:: Exercise requirements ::
Leaving out all pictures, write out word for word the lines from the one containing "Boho super Neat Open Dangle Earrings NWT - Picture" to the end of the data below.

:: Dataset extract ::

============================================================

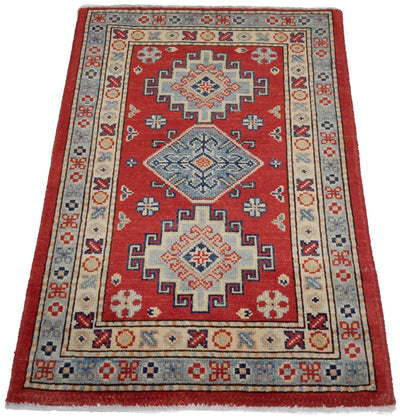 Canvello Hand Made Casual Medallion Afghan Kazak Rug - 2'1'' X 3'1'' - Canvello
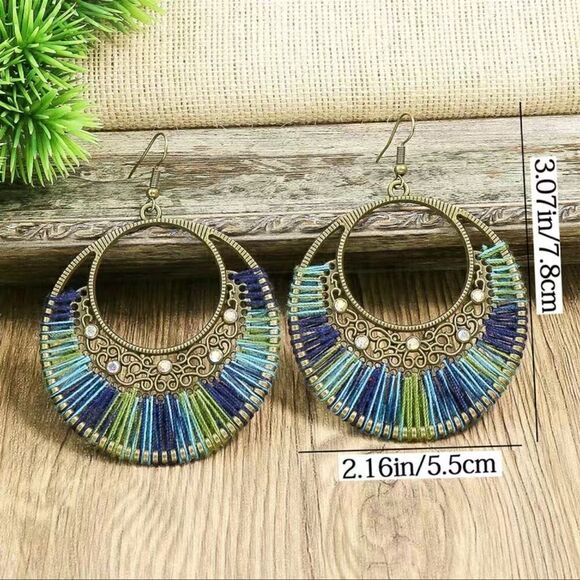 Boho super Neat Open Dangle Earrings NWT - Picture 4 of 5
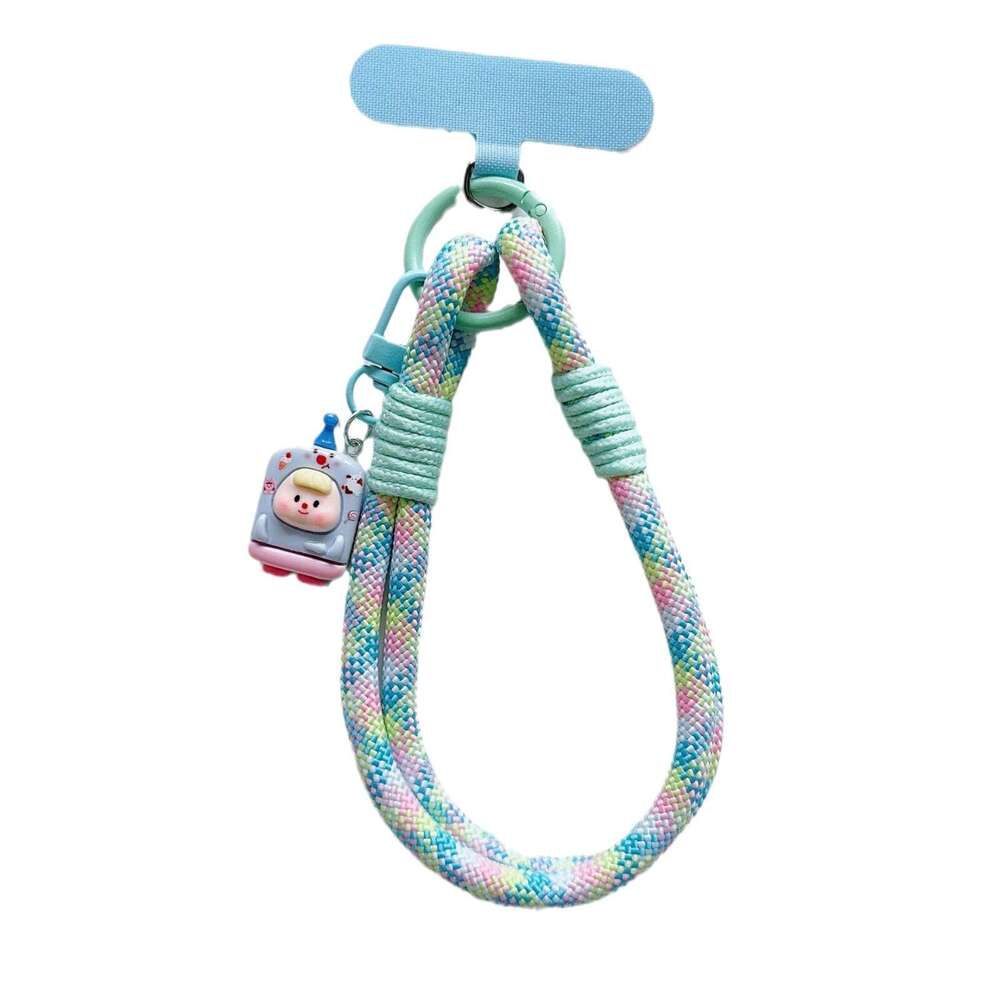 Suitable for the new creative cartoon phone case universal and versatile thick short rope, hand-held chain, doll card anti lost rope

============================================================

:: Response box ::
 Boho super Neat Open Dangle Earrings NWT - Picture 4 of 5
 Suitable for the new creative cartoon phone case universal and versatile thick short rope, hand-held chain, doll card anti lost rope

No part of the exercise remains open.